Why is Django returning stale cache data?

Why is Django returning stale cache data? - python

I have two Django models as shown below, MyModel1 & MyModel2:
class MyModel1(CachingMixin, MPTTModel):
name = models.CharField(null=False, blank=False, max_length=255)
objects = CachingManager()
def __str__(self):
return "; ".join(["ID: %s" % self.pk, "name: %s" % self.name, ] )
class MyModel2(CachingMixin, models.Model):
name = models.CharField(null=False, blank=False, max_length=255)
model1 = models.ManyToManyField(MyModel1, related_name="MyModel2_MyModel1")
objects = CachingManager()
def __str__(self):
return "; ".join(["ID: %s" % self.pk, "name: %s" % self.name, ] )
MyModel2 has a ManyToMany field to MyModel1 entitled model1
Now look what happens when I add a new entry to this ManyToMany field. According to Django, it has no effect:
>>> m1 = MyModel1.objects.all()[0]
>>> m2 = MyModel2.objects.all()[0]
>>> m2.model1.all()
[]
>>> m2.model1.add(m1)
>>> m2.model1.all()
[]
Why? It seems definitely like a caching issue because I see that there is a new entry in Database table myapp_mymodel2_mymodel1 for this link between m2 & m1. How should I fix it??

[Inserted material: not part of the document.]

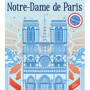 Notre-Dame de Paris - Édition anglaise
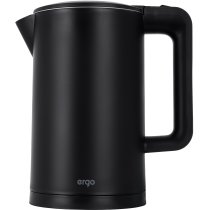 Електрочайник ERGO CT 8080 Black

Is django-cache-machine really needed?
MyModel1.objects.all()[0]
Roughly translates to
SELECT * FROM app_mymodel LIMIT 1
Queries like this are always fast. There would not be a significant difference in speeds whether you fetch it from the cache or from the database.
When you use cache manager you actually add a bit of overhead here that might make things a bit slower. Most of the time this effort will be wasted because there may not be a cache hit as explained in the next section.
How django-cache-machine works
Whenever you run a query, CachingQuerySet will try to find that query
in the cache. Queries are keyed by {prefix}:{sql}. If it’s there, we
return the cached result set and everyone is happy. If the query isn’t
in the cache, the normal codepath to run a database query is executed.
As the objects in the result set are iterated over, they are added to
a list that will get cached once iteration is done.
source: https://cache-machine.readthedocs.io/en/latest/
Accordingly, with the two queries executed in your question being identical, cache manager will fetch the second result set from memcache provided the cache hasn't been invalided.
The same link explains how cache keys are invalidated.
To support easy cache invalidation, we use “flush lists” to mark the
cached queries an object belongs to. That way, all queries where an
object was found will be invalidated when that object changes. Flush
lists map an object key to a list of query keys.
When an object is saved or deleted, all query keys in its flush list
will be deleted. In addition, the flush lists of its foreign key
relations will be cleared. To avoid stale foreign key relations, any
cached objects will be flushed when the object their foreign key
points to is invalidated.
It's clear that saving or deleting an object would result in many objects in the cache having to be invalidated. So you are slowing down these operations by using cache manager. Also worth noting is that the invalidation documentation does not mention many to many fields at all. There is an open issue for this and from your comment on that issue it's clear that you have discovered it too.
Solution
Chuck cache machine. Caching all queries are almost never worth it. It leads to all kind of hard to find bugs and issues. The best approach is to optimize your tables and fine tune your queries. If you find a particular query that is too slow cache it manually.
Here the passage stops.